Brookfield Property Partners' liquidity won't last forever at this rate
Brookfield Property Partners (NASDAQ: BPY) and its REIT subsidiary, Brookfield Property REIT, currently yield more than 11%. Several issues are weighing on the global property owner, including weak rental collection rates at its malls, the potential long-term impact of working from home on its office properties, and the effect COVID-19 had on its hospitality investments in the second quarter. Because of that, Brookfield only generated $0.18 per share of FFO during the period, well short of the $0.3325 per share it paid out in dividends.
On one hand, Brookfield believes it can get through the current rough patch thanks to its liquidity, which stood at $6 billion at the end of the second quarter, including $1.5 billion of cash. In addition to that, it's had no problem using its real estate portfolio to borrow money, as it recently completed $2.2 billion in financing transactions. However, the company can't continue paying out more cash than it's producing. Because of that, it could soon follow other REITs in pausing or reducing its payout until market conditions improve.
Columbia Property Trust: The next office REIT dividend to fall?
Major office landlords haven't had as many issues collecting rent this year as some of their counterparts focused on other real estate segments like retail. However, that hasn't stopped some major office REITs from taking a conservative approach, especially as most office workers continue working from home. That caution recently led New York City-focused office REIT Empire State Realty Trust (NYSE: ESRT) to suspend its dividend for the third and fourth quarters, while peer Vornado Realty Trust (NYSE: VNO) cut its payout by 20%.
These moves could cause more office REITs to take similar action. One that could be the next in line to reduce its dividend is Columbia Property Trust. The market already seems to have priced that in, as Columbia's yield has risen from around 3% at the beginning of the year to its current level above 7%.

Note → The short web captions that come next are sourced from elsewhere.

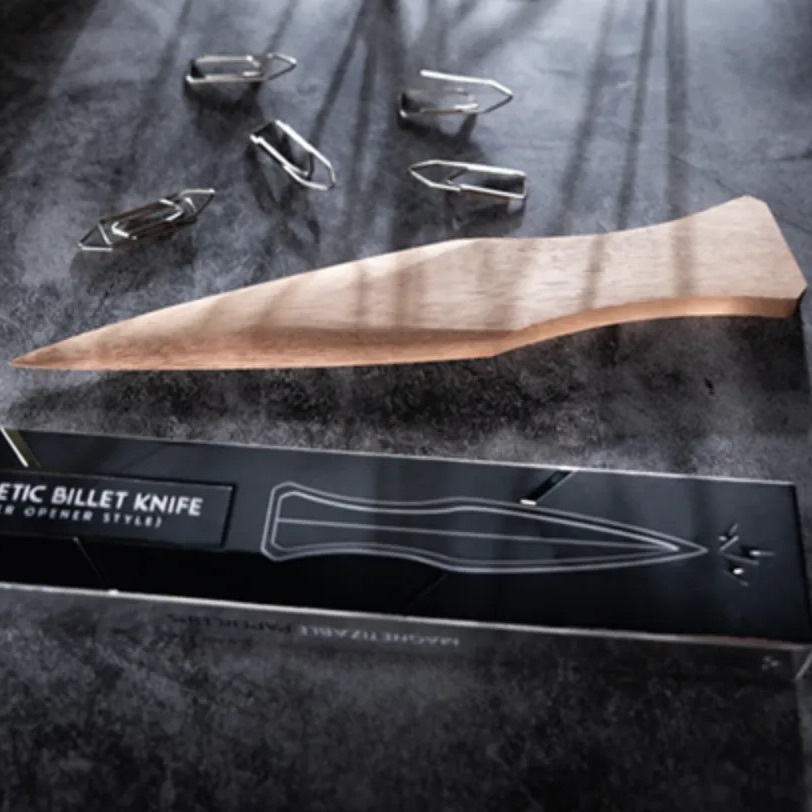 MAGNETIC BILLET KNIFE (Letter Opener) by Murphys Magic  ( BILLETKNIFE_MAG )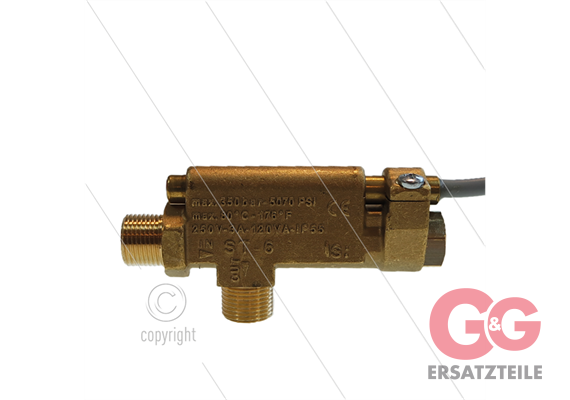 ST6 - Strömungswächter - 350 Bar - 30 l/min - max 80°C - 2 x 3/8" AG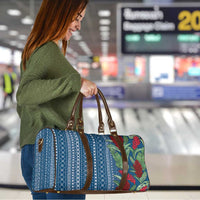 Women's Day Samoa Malu Tattoo Inspired Mix Teuila Travel Bag Royal Blue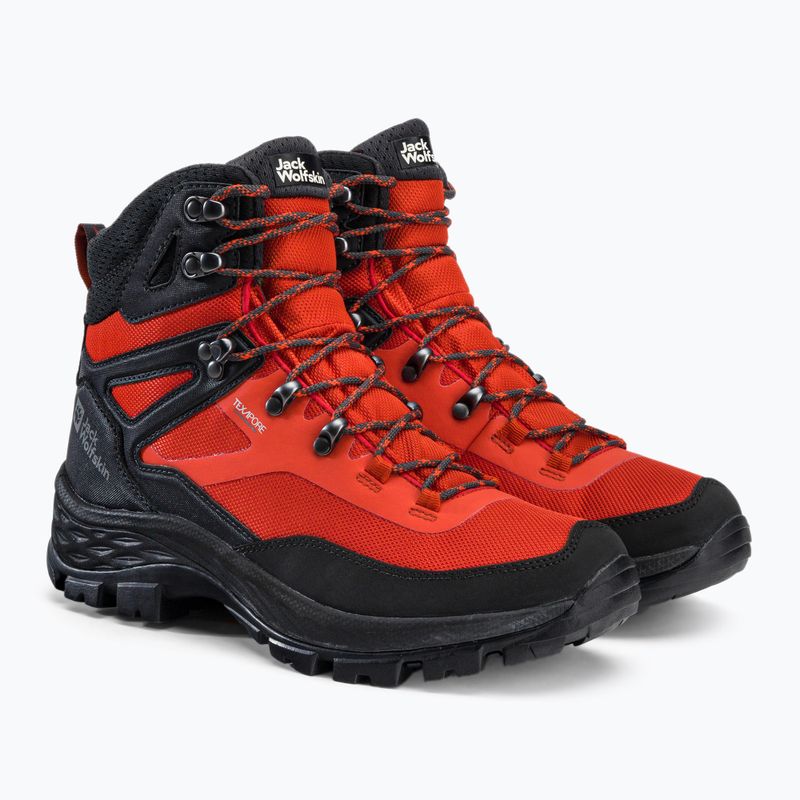 Buty trekkingowe męskie Jack Wolfskin Rebellion Guide Texapore Mid orange/phantom 5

The REIT's management team said they felt confident in the dividend during the second-quarter conference call. However, Empire State Realty had a strong cash-rich balance sheet and still opted to suspend its payout, suggesting that sometimes caution rules the day in an uncertain market.
Office Properties Income Trust's yield implies a cut could be forthcoming
Office Properties Income Trust (NASDAQ: OPI) is another office REIT with an enormous yield. At more than 9% -- which is more than double that of the average REIT -- the market seems to think a reduction is on the way.
The REIT's management team doesn't believe that will be necessary. CFO Matt Brown stated on the company's second-quarter conference call that it generated $0.95 per share of cash available for distribution, giving it a 57.9% payout ratio. Because of that, he said "our dividend is well covered and we expect it to be below our target of 75% for 2020."
However, just because the REIT can afford to keep paying its dividend doesn't mean it will, which was certainly the case with Empire State Realty Trust. Because of that, and the growing conservatism in the REIT sector, the company might join its peers by reducing or suspending its dividend and using that cash to shore up its balance sheet.
In this market, few dividends feel safe
REITs have been erring on the side of caution this year by slashing or suspending their payouts so they can preserve cash just in case market conditions get worse. As more companies reduce their payouts, those that haven't done so are pressed to consider making similar moves. Because of that, it wouldn't be surprising to see more payouts take a hit this month, with Brookfield, Columbia, and Office Properties being among the more likely candidates for a reduction given their well-above-average yields.